Anyway, this St. Paddy’s day vortex of colleges and pubs that is Boston has inspired me to type up my first St. Patrick’s Day memory.
One Friday, long ago, when I was a little first grader, my teacher reminded all of us kids to wear green the following Monday in celebration of St. Patrick’s Day. I relayed this information to my Grandmother (with whom I lived) once I got home. She was NOT pleased. She explained that we were SCOTS (she was, at least) and that wearing green showed support for the IRISH. Not only was my grandmother of Scottish descent, she was a solid anglophile (the house contained lots of miniature English cottages, Britain-themed tea towels, etc, that she got visiting England). Honestly, I had never even heard of the IRISH. But the message was clear: whatever the IRISH were, no grandchild of hers would be condoning their holiday!
On Monday, I arrived at school wearing all ORANGE, in a sea of green peers–I don’t even know how my Grandmother managed to get so much orange on one little girl–I felt very conspicuous, but proud. My favorite favorite teaching assistant came up to me and exclaimed, “Why Anna! You’re not wearing any green! Did you forget it was St. Patrick’s Day today?”

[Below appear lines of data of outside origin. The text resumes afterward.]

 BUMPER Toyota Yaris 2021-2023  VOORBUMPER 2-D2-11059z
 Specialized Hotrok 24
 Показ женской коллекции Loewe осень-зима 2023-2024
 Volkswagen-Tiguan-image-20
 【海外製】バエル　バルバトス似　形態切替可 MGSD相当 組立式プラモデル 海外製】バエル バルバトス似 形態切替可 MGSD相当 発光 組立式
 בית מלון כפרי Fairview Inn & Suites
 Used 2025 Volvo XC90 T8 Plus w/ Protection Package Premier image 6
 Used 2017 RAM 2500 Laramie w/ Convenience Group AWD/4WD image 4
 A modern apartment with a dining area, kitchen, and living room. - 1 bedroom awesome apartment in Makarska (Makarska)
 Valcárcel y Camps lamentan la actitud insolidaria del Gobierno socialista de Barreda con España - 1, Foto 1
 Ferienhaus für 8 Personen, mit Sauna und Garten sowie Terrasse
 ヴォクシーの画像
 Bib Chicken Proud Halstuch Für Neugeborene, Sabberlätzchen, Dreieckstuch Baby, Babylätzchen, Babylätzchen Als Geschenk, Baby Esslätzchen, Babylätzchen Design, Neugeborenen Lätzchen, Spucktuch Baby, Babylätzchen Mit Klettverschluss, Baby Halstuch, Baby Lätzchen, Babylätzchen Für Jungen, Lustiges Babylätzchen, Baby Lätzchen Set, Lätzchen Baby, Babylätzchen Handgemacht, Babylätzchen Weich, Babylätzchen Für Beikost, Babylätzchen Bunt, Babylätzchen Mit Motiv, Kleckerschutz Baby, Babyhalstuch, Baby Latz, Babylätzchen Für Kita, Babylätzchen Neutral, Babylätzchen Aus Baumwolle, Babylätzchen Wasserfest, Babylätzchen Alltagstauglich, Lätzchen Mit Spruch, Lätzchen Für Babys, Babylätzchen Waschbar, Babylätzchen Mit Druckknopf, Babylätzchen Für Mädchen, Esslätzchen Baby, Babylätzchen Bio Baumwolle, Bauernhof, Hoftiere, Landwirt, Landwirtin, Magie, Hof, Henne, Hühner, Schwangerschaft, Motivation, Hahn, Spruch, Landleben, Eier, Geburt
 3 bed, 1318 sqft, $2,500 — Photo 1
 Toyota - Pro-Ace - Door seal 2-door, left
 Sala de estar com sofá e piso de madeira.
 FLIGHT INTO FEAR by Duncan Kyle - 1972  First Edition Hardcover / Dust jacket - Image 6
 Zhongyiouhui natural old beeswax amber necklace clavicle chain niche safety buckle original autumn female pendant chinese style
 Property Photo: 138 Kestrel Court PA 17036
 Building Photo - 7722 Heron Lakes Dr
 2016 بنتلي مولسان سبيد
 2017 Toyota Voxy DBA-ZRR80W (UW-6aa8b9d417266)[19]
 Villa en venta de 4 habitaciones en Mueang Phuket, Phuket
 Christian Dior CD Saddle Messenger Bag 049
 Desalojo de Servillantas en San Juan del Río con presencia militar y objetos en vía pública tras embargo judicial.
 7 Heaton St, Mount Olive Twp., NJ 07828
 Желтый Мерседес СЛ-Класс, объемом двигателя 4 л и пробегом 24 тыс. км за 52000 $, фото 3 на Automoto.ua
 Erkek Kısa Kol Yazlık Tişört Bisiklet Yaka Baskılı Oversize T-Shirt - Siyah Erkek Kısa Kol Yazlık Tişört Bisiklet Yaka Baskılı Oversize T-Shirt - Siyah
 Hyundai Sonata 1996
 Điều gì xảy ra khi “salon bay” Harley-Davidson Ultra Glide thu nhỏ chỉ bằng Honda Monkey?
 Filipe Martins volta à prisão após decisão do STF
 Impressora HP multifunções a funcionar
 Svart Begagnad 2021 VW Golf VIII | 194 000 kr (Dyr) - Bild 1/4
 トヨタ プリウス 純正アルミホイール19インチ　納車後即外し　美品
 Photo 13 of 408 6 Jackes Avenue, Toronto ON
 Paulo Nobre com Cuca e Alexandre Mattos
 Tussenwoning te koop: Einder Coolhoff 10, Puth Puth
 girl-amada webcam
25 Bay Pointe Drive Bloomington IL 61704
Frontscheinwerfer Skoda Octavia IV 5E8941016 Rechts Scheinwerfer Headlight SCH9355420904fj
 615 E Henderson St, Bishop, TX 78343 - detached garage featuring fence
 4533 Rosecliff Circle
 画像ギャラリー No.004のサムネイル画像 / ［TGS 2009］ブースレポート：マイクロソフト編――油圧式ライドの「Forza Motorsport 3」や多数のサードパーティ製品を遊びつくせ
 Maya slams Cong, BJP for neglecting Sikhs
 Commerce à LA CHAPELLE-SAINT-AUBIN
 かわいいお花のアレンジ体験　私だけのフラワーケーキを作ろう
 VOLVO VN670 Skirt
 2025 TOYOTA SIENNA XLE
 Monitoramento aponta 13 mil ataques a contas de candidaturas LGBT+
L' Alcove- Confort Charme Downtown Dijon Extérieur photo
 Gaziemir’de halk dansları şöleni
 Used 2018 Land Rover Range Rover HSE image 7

I stood tall and declared, “I’m a SCOT, and we HATE THE IRISH.”
“Oh..but Anna…I’m Irish.” Tears appeared in her eyes!
I could have died right there–I don’t know if I had ever felt so awful as I did then. I would never have guessed Irish was a type of PERSON, much less wonderful Miss O’Brian (name changed because I don’t recall her name at this point).
“I–I’m sorry! I don’t hate you at all! I promise! I didn’t know what Irish was!!!” now I cried, but she hugged me to show she wasn’t mad, and then I made some shamrock-themed arts-and-crafts.
My grandmother was an overall awesome and admirable woman (for example, she was a Woman’s Air Service Pilot in WWII), but whenever St. Patrick’s day comes around, I wear green and remember that awful experience. I learned to take what she said with a grain of salt for the first time that day, as she was clearly uninformed on the whole Irish issue, and had made me into a jerk by mistake.